WASHINGTON

The Bureau of Land Management has released its final greater sage-grouse supplemental environmental impact statements for Colorado, Idaho, Wyoming, Utah, Nevada/northeastern California and Oregon.


These documents supplement the 2019 amendments made by the administration to the National Greater Sage-Grouse Planning Strategy which were enjoined by a court pending a decision on the merits.

Jim Lyons, vice president for landscape conservation for Defenders of Wildlife, issued this statement:


“Once again, the Trump administration is circumventing sound science and years of collaborative work in their last-ditch effort to issue inadequate plans for protecting the imperiled greater sage-grouse. This administration has continued to prioritize oil and gas leasing over habitat conservation, emboldened by a congressional rider that prevents the FWS from listing the bird as threatened or endangered even as sage-grouse populations continue to decline.  It’s time to lift the rider from appropriations language and let science, not politics, dictate the best way to protect this iconic bird and the Sagebrush ecosystems on which it – and hundreds of other species – depends.”
 

Background:

  • In 2015, the Obama administration designed a conservation strategy for the bird that included 98 amendments to federal land use plans that limited development in important sage-grouse habitat and required mitigation that would result in a net conservation gain for the grouse. The plans, along with complementary conservation commitments by affected states and localities, served as the foundation for the U.S. Fish and Wildlife Service’s conclusion that listing the Greater sage-grouse under the Endangered Species Act was not warranted. 
  • In March 2019, the Trump administration rolled back protections to the sage-grouse by revising the Obama sage-grouse plans.

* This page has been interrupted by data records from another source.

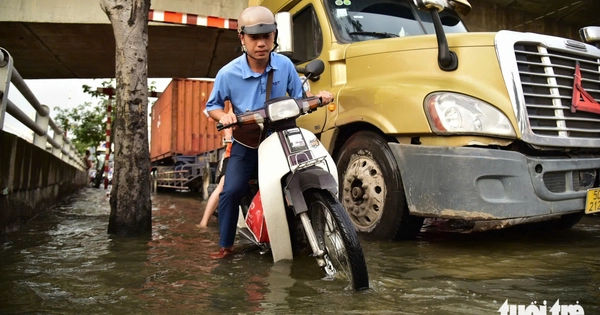 Ho Chi Minh City residents wade through flooded streets at rush hour as high tide hits again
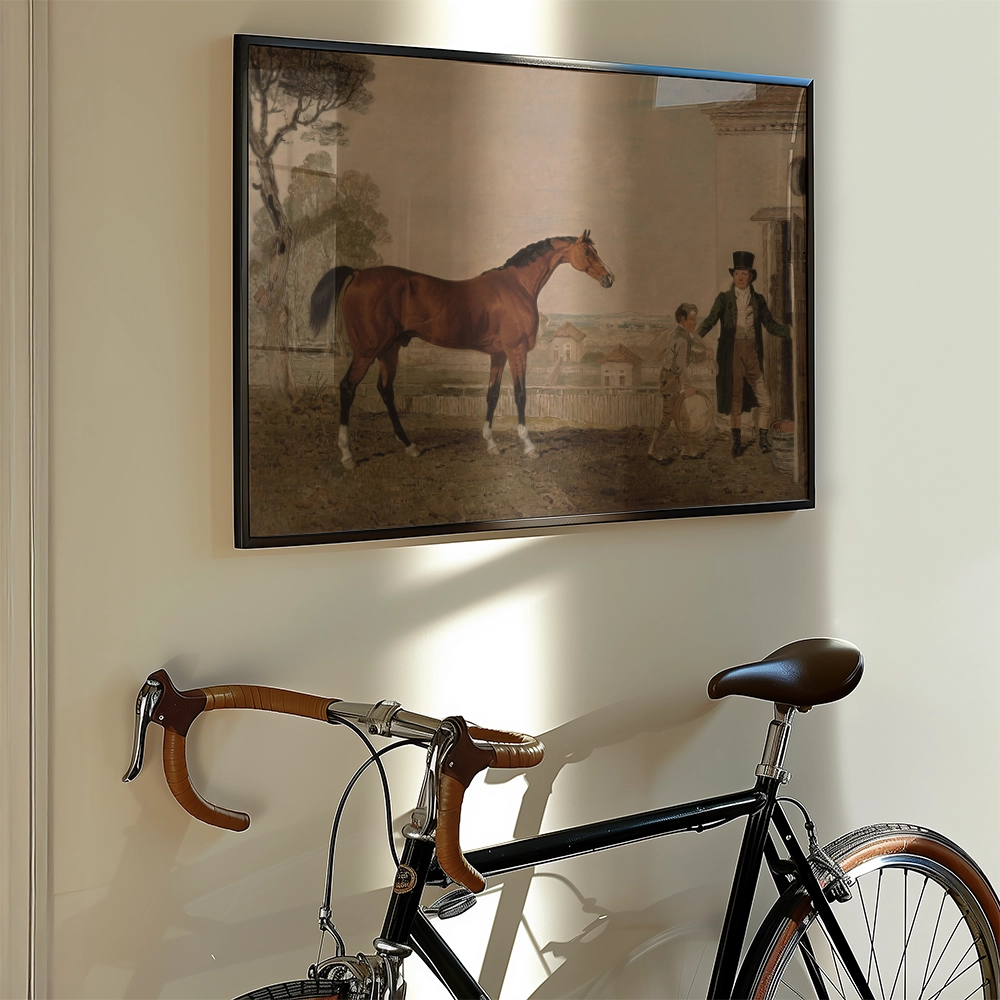 Painting of a brown horse standing next to a boy and a man in formal attire, framed and displayed on a wall beside a vintage bicycle.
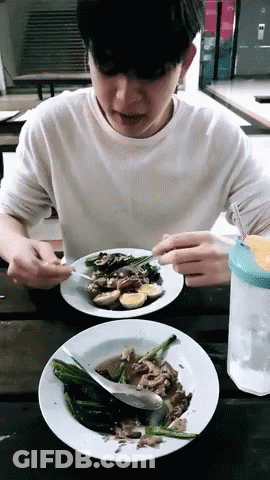 A Young Man Is Sitting At A Table Eating A Plate Of Food GIF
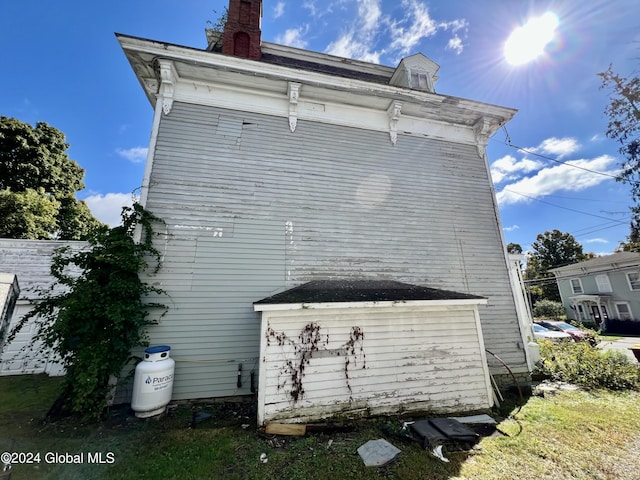 view of home's exterior featuring a chimney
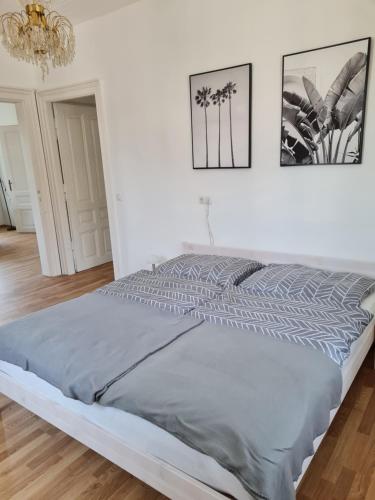 a bed in a white bedroom with a chandelier at Traumhafter Altbau im Herzen Schwertbergs in Schwertberg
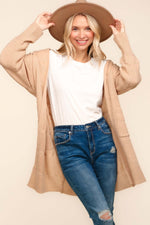 Cozy stripe textured open front cardigan with pockets, perfect for layering and adding style, worn over casual outfit.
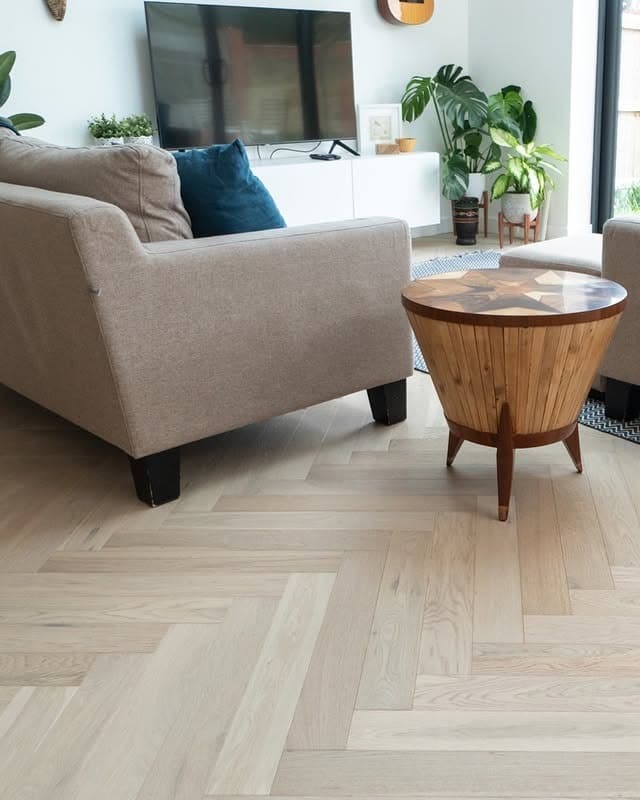 19. Pale Herringbone Wood Flooring with Modern Comfort - living room floor ideas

The rollbacks were challenged in court, and in October 2019 a federal judge blocked implementation of the 2019 plan amendments until litigation is resolved. 

For nearly 80 years, Defenders of Wildlife has worked to protect and restore America’s wildlife at risk of extinction, advancing a vision of a future in which wildlife thrives, sustained by broad public support and a resilient network of healthy lands and waters. With a network of more than 2 million supporters, Defenders is an advocate for innovative solutions to safeguard wildlife for generations to come. To learn more, please visit https://defenders.org/newsroom or follow us on Instagram @defendersofwildlife.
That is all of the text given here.